I have earlier made a post about information extraction on exchange statements. So far it has been successful using the spaCy matchers but now I want to add some more ML into it since the current model does have its limitations. I first want to be a bit thorough in my explanation so sorry for a long post here.
Input
My input data could be something like (this one has new headlines and bullet points which is not always the case!)
Second quarter - 1 August to 31 October 2019
- Sales in the Nordics increased by 3% to 2,145 MSEK (2,089), organic growth up 3% and total sales were unchanged at 2,165 MSEK (2,157), organic growth up 1%
- Online sales increased 21% to 115 MSEK (95)
- Operating profit, including non-recurring costs and costs linked to the CO100+ action programme, totalled 133 MSEK (33). Excluding the effect of IFRS 16, operating profit amounted to 107 MSEK
- Underlying operating profit amounted to 153 MSEK (124) (excl IFRS 16)
- The operating margin was 6.1% (1.6)
- Net debt/EBITDA excluding the effect of IFRS 16 (12 months) amounted to 0.6 times (0.5)
- Profit after tax totalled 91 MSEK (25)
- Earnings per share amounted to 1.43 SEK (0.40)

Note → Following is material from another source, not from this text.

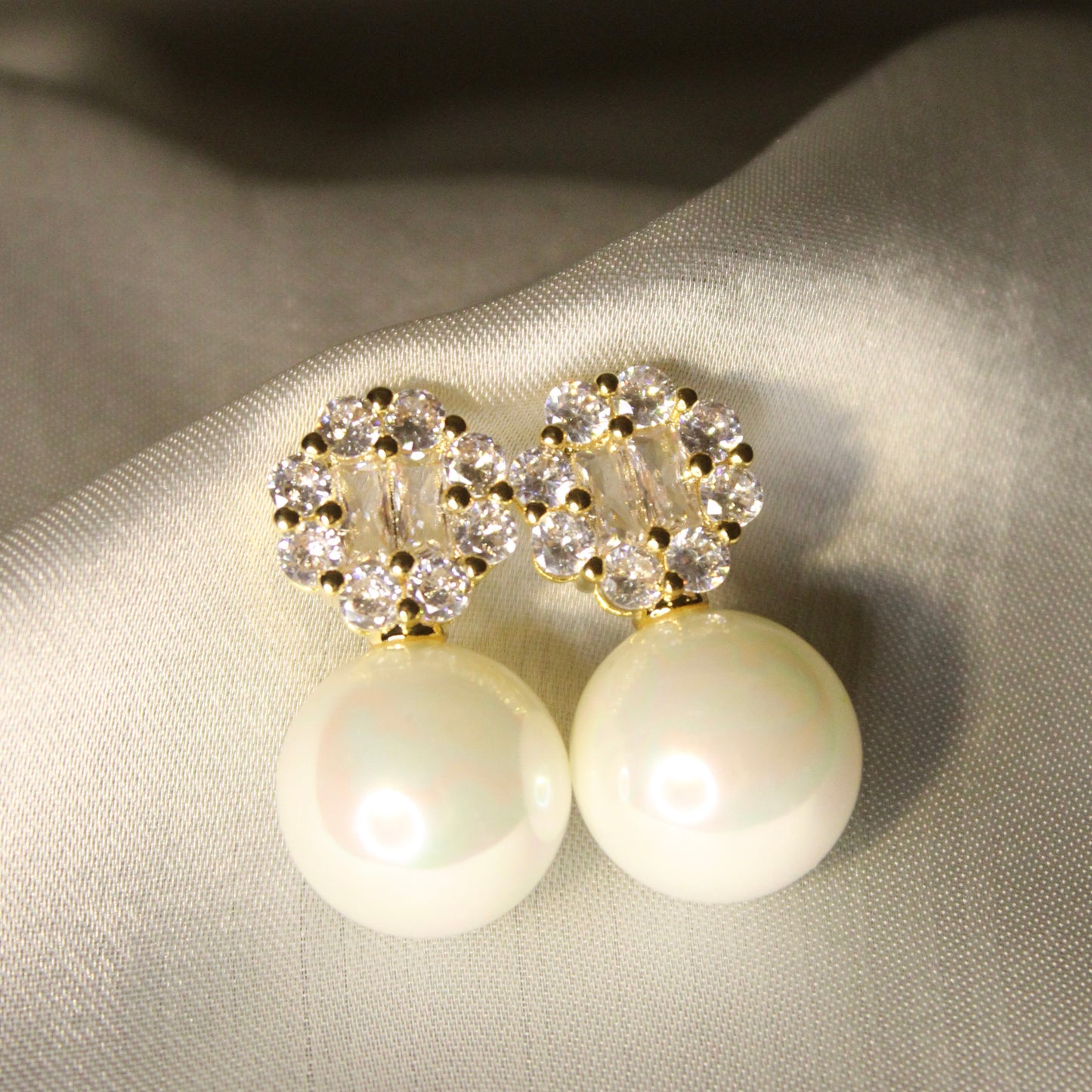 Opaline Ear Ring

- A partnership with Kolonial.no, Norway’s largest online food retailer, started in September
Six months - 1 May to 31 October 2019
- Sales in the Nordics increased by 4% to 4,157 MSEK (3,978), organic growth up 4% and total sales increased 2% to 4,209 MSEK (4,115), organic growth up 2%
- Operating profit, including non-recurring items and costs linked to CO100+ action programme, totalled 212 MSEK (65). Excluding the effect of IFRS 16, operating profit amounted to 159 MSEK
- Underlying operating profit amounted to 244 MSEK (186) (excl IFRS 16)
- The operating margin was 5.0% (1.6)
- Profit after tax totalled 139 MSEK (55)

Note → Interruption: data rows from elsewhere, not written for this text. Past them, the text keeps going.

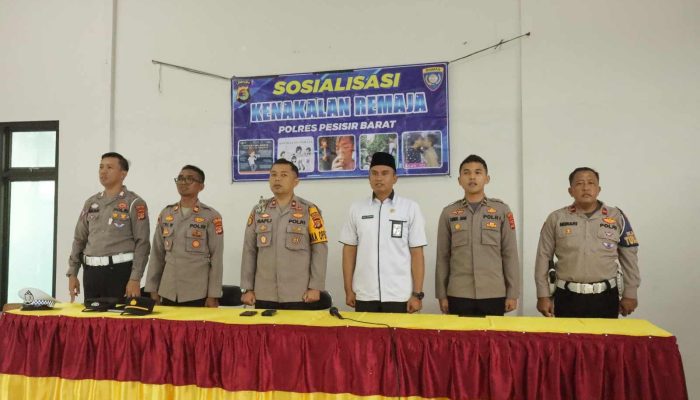 Wakapolres Pesisir Barat Kunjungi MAN 1 Pesisir Barat Dalam Rangka Cooling System Jelang Pemilu 2024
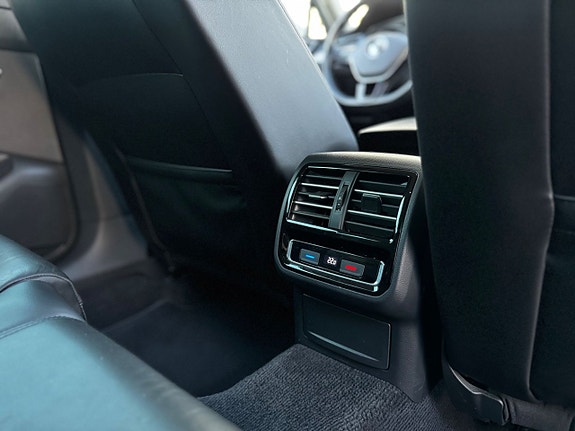 Volkswagen Passat 15 of 28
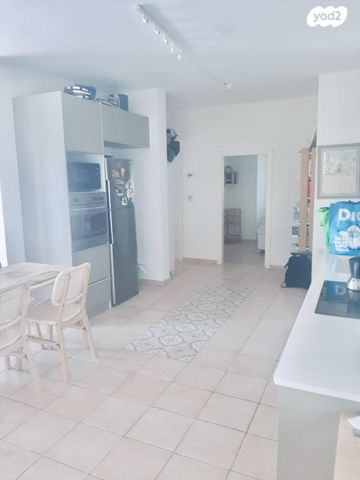 דירה, שדרות בן גוריון 3, גבעת עדן, זכרון יעקב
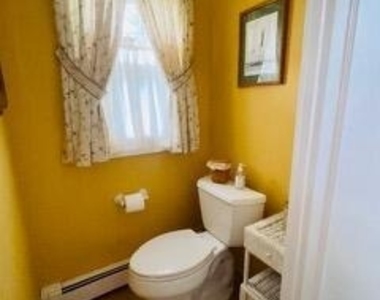 214 Howe Street - Photo Thumbnail 9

- Earnings per share amounted to 2.21 SEK (0.87)
Output
From this I want to extract several metrics. E.g. a EARNINGS payload
{'period': 'Q2', 'metric': 'SALES', 'amount': 2165000, 'currency': 'SEK', 'year': 'CURRENT'}
The information is found in this line
Sales in the Nordics increased by 3% to 2,145 MSEK (2,089), organic growth up 3% and total sales were unchanged at 2,165 MSEK (2,157), organic growth up 1%
plus the context of that sentence. Notice that Sales in the Nordics is not of interest.
Proposed model(s)
My idea is to have two types of models
- Local text models that run on smaller paragraphs.

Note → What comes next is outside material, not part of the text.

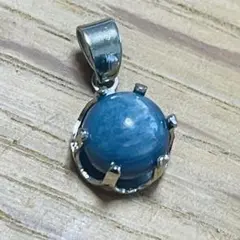 み*こ様 天然　カイヤナイト　ペンダントトップ ネックレスチャーム
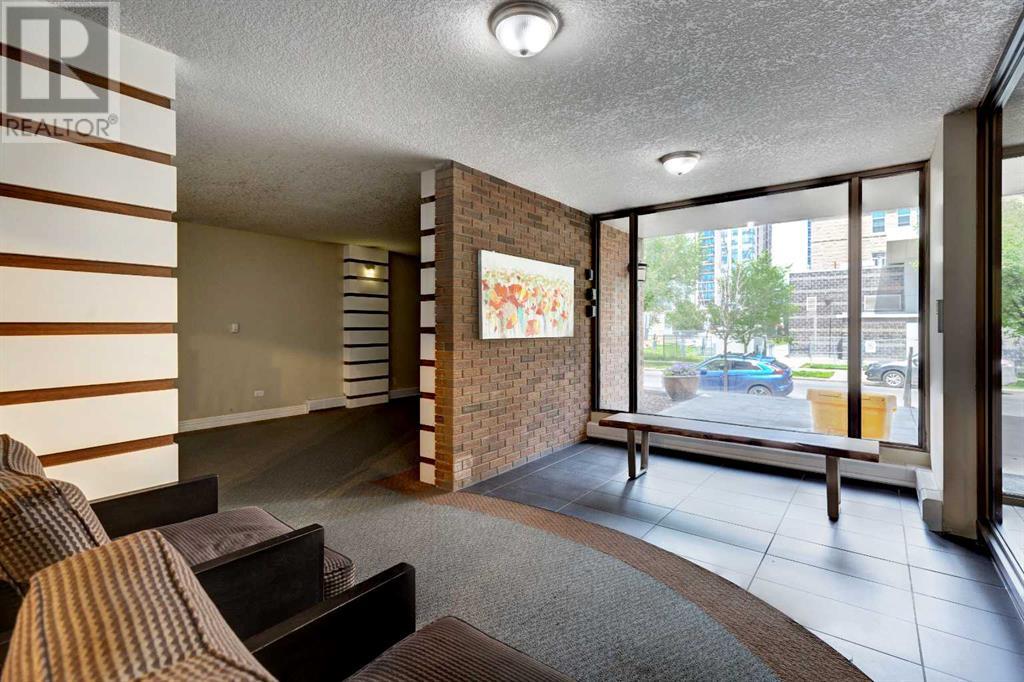 Single Family House Multi-level for Sale in    Avenue SW Beltline Calgary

- Context classifiers that determines the context.
Local text models
The input for the local text models would look like the following
Sales in the Nordics increased by 3% to 2,145 MSEK (2,089), organic growth up 3% and total sales were unchanged at 2,165 MSEK (2,157), organic growth up 1%
which should produce an output like
{'period': None, 'metric': 'SALES', 'amount': 2165000, 'currency': 'SEK', 'year': None}
This works pretty good using the matchers, especially determining the currency, multiplier and metric. But to determine the correct amount I imagine training a NER model that locates CURRENT_AMOUNT (current since it should ignore if previous years numbers are mentioned), in this case 2,165.
Context classifiers
The purpose of the context classifiers is to fill in the blanks for each CURRENT_AMOUNT token/span, i.e. determine
year: [PREVIOUS, CURRENT, NEXT]
period: [Q1, Q2, Q3, Q4, HALF-YEAR, NINE-MONTHS, FULL-YEAR, None]
type_of_content: [EARNINGS, OUTLOOK, OTHER]
For this I imagine a feature space where the context up until a sentence is transformed into a vector (weighing possible headlines more than the rest) plus transforming the sentence into a vector and then run three classifiers on that.
For the period I could add MONTH_SPAN as well and then transform that into eg. Q1 which is fine.
Labelling
Now finally to my question. Can I use prodigy effectively for this kind of task?
As I see it I have four labelling tasks
nerlabelling for findingCURRENT_AMOUNTgiven paragraphs.textcat(or justcat?) forperiod,yearandtype_of_contentfor eachCURRENT_AMOUNT
My first challenge though is that the majority of the documents does not have CURRENT_AMOUNT so its tough starting from scratch. Instead I plan to label a whole lot using patterns which would have 50% precision, pretrain a model and then do ner.teach using that model and thereby start collecting data. Would that work?
For the classifier labelling I simply plan to classify for each CURRENT_AMOUNT which should be just fine.
Again I'm sorry for the rather long story here but I hope it makes it clear at least. I'm looking forward to hear any comments as well as answers to my questions regarding the NER labelling strategy.